The year is almost over, and it’s going to be the worst year–as far as number of views–that my blog has had since its creation.
Probably cause I went three months without making a post.
It is becoming clearer and clearer to me that in the world of unknown writers, quality without quantity is as useless as an army of one. As pointless as a single, perfectly designed, edited and polished shout for help out the window of a burning building.
In fact, I would go so far as to say that quality is useless to worry about at all. Finishing things and putting them out into the world regularly and constantly is the only thing that will get you noticed.
No matter how good your novel is, if you only write one your chances of success are slim.

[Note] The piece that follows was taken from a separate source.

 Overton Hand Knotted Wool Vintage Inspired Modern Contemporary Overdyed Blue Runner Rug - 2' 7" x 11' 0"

I’m sure there are millions of brilliant, took-10-years-to-write, life’s work novels sitting unpublished in office drawers around the world out there. Because not every novel gets published. Very few of them do, in fact. And if your odds are so low, why spend 10 years working on it? If you had instead written ten or twenty novels in those ten years, the odds of success would be exponentially higher.
And who wants to write just one thing, anyway? Why not write 2 or 3 novels a year? It’s just words on paper, you can produce those endlessly right? Right. (I say, as I come upon the stunning pinnacle of halfway through one novel in the past year… )

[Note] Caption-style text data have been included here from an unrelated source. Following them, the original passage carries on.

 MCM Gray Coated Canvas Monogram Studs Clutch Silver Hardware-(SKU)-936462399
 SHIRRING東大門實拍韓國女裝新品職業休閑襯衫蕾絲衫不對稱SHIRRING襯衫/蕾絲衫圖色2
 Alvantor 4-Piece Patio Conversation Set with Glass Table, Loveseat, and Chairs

Same goes for blog posts, and short stories, poems, articles, whatever you write. Produce lots of it, or no one will ever know you exist.

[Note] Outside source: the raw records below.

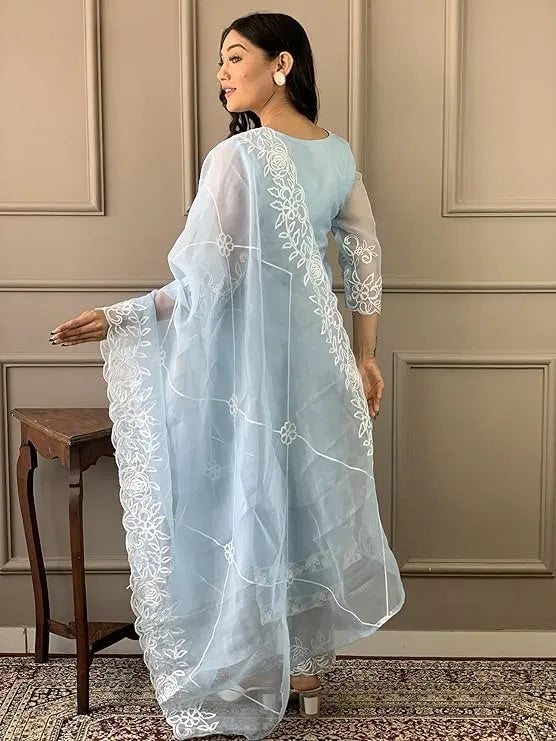 Graceful Women's Organza Kurta Set with Dupatta and Bottomwear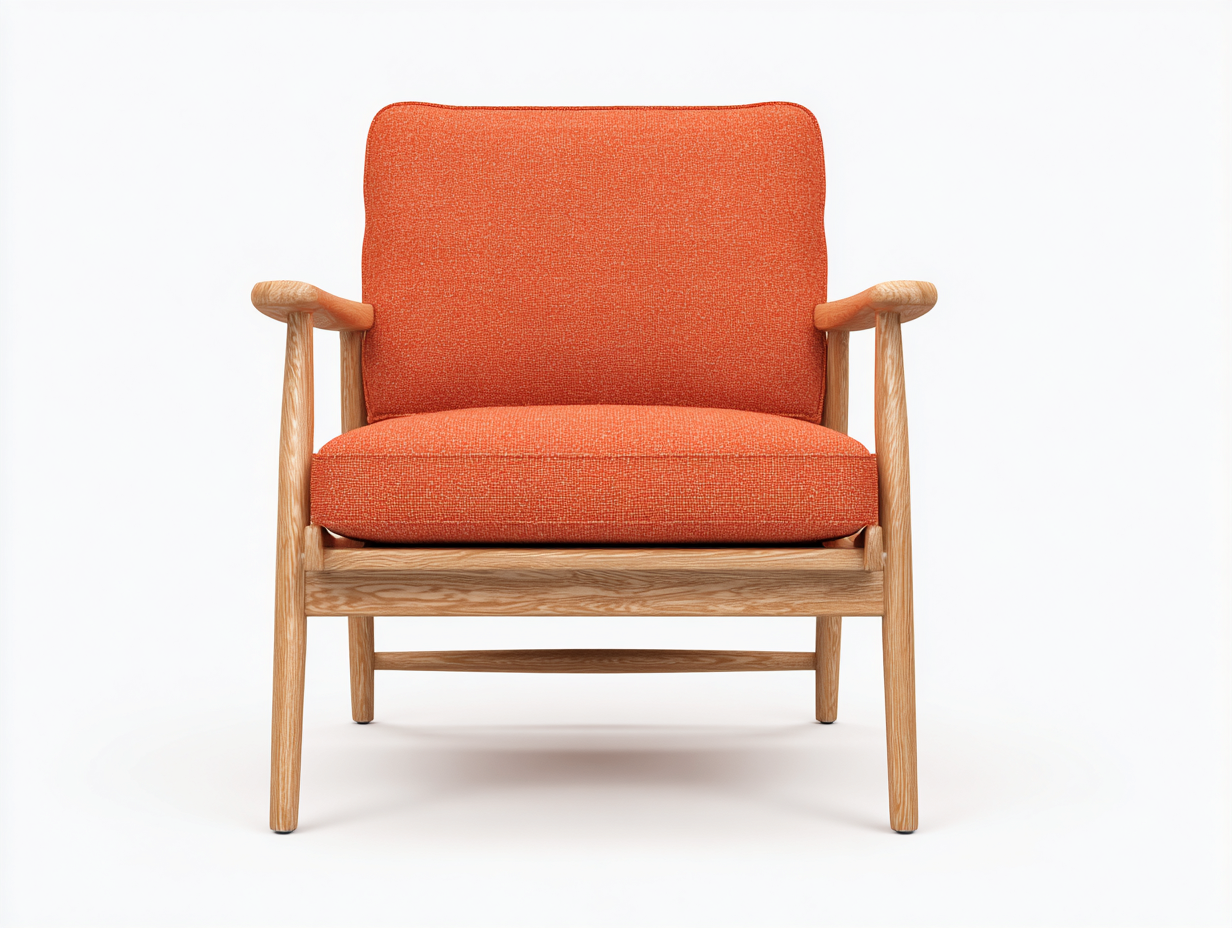 Fauteuil en tissu 75x80x90 cm - orange - style moderne-Nestuse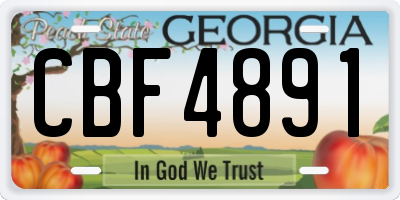 GA license plate CBF4891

If you are worried about improving, though, it just so happens that writing a lot of stuff is the main way to get better at writing. Not, as some may think, sitting around reading about how to write, taking writing classes, and fretting over each sentence until you have the perfect paragraph six hours later.
Write ten ‘crappy’ stories this month instead of one ‘perfectly crafted’ one. Do that for a few months, then check how good your ‘crappy’ stories are compared to the ‘perfectly crafted’ ones of your past. You may be surprised how quickly you can improve by actually doing the thing you are trying to improve at.
Anyway, my point is, if you are going to focus on some aspect of your writing to improve, your quantity is a pretty good choice.